Green house initiative benefitting the highlanders

With the initiative of the Ministry of Agriculture and Forestry (MoAF) to bring about food self sufficiency among the highlanders, the introduction of vegetable production through the green house method is benefiting the highlanders of Laya where they don’t have to depend on vegetables from Gasa and Punakha and at the same time feed on dried vegetables to get through the lean season of vegetable production due to harsh climatic conditions.

The Agriculture Extension Office helps the households in the region in setting up green house by providing free materials required for the poly houses, distributing suitable vegetable seeds, and providing trainings on the vegetable management and operational aspects of plastic house for better cultivation through such means.

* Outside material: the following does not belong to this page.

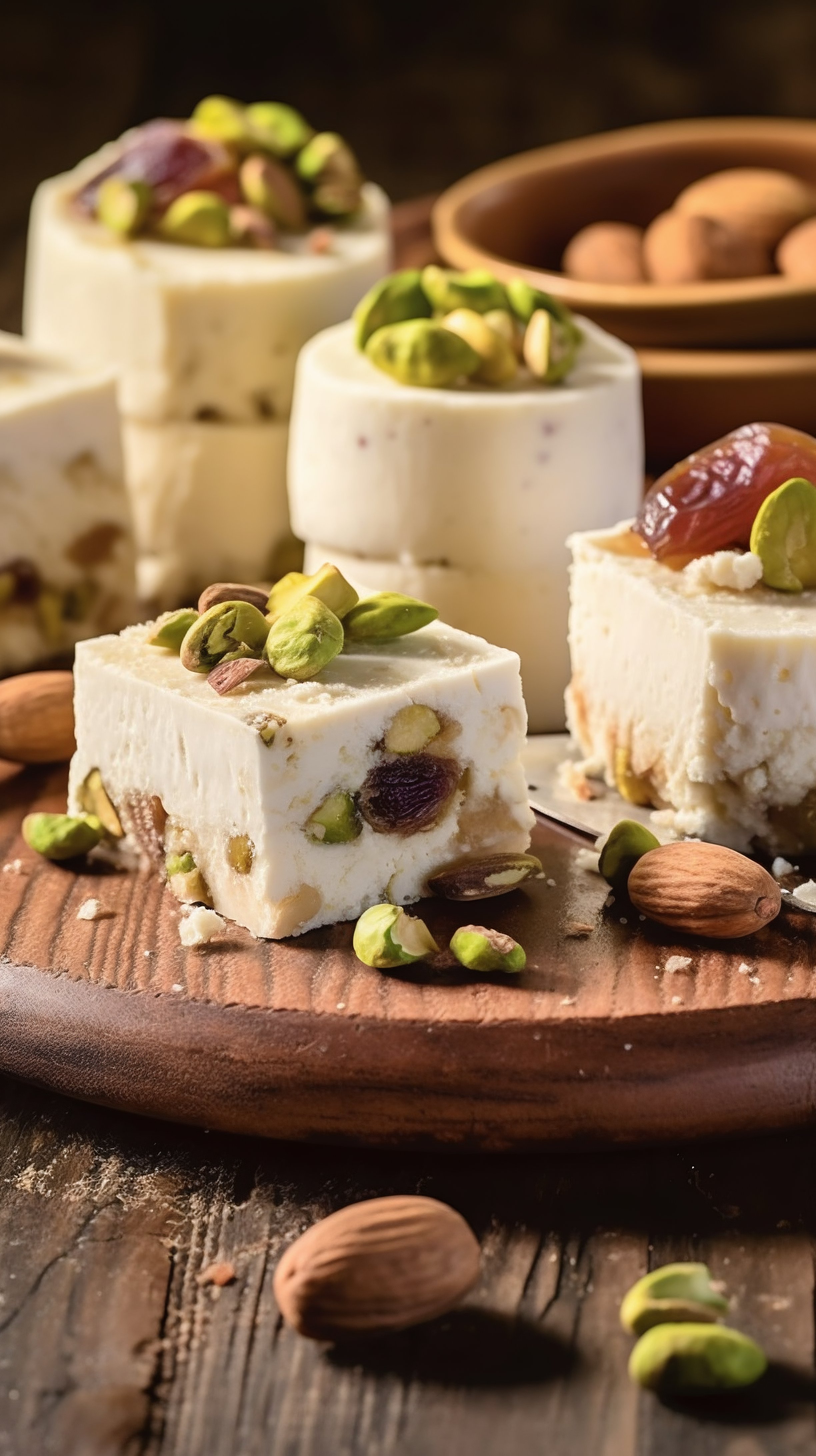 Creamy Nut Dessert Squares with Pistachios and Almonds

“To save cost on both ends, we urge the individual households to make-do with the locally available woods as poles to support the house, other than that everything are being taken care by the extension office. We provide cole crop seeds which can endure the harsh cold like radish, cabbage, broccoli, turnip, spinach, and carrots. Last year we’ve experimented with chilli cultivation on a smaller and it was a success. So we’ll be encouraging the households for a larger production of chillies now,” said the Tshering Samdrup, Gewog Extension Officer.

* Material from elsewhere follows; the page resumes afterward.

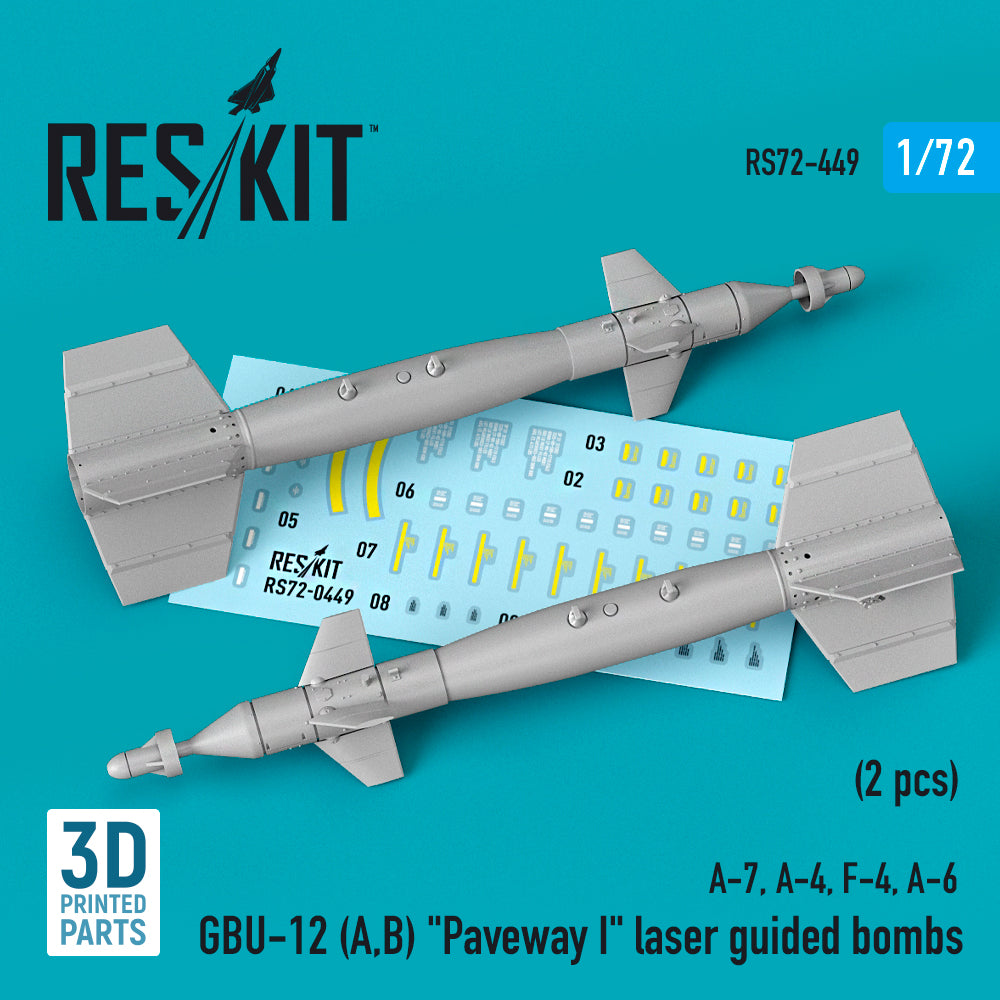 GBU-12 (A,B) Paveway I laser guided bombs (2 pcs) (A-7, Douglas A-4, McDonnell F-4, A-6) 3D-Printed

The Gewog Extension Officer added that although the locals grew few vegetables in their kitchen garden earlier, it wasn’t enough to last them through the harsh winters which were destroyed by the frost and snow. “Our main objective is to achieve food self-sufficiency and if the locals grow more than what they can consume, they can earn some extra income by selling their produce to the tourist, school mess in the region, gewog staffs or the visitors who come to attend the festivals. Through the market of their produce during the highland festival, the locals in an average earned about Nu 22, 000 in a week. Since chilli was experimented and produced on a small scale, the locals could not meet the demand this year, but they will brace for larger cultivation next year.”

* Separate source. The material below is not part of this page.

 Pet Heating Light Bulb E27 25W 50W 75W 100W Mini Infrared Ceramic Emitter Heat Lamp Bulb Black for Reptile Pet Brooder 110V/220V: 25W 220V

Ap Khandu, who entertains homestays at his place said, “With the introduction of green house in the region, it’s much more convenient and cost saving for us because we don’t have to purchase vegetables all the way from Punakha and we also don’t have to consume dried vegetables most of the time. I can also serve my guest with fresh vegetables from my garden without having to depend on the unreliable vegetable source from Punakha.”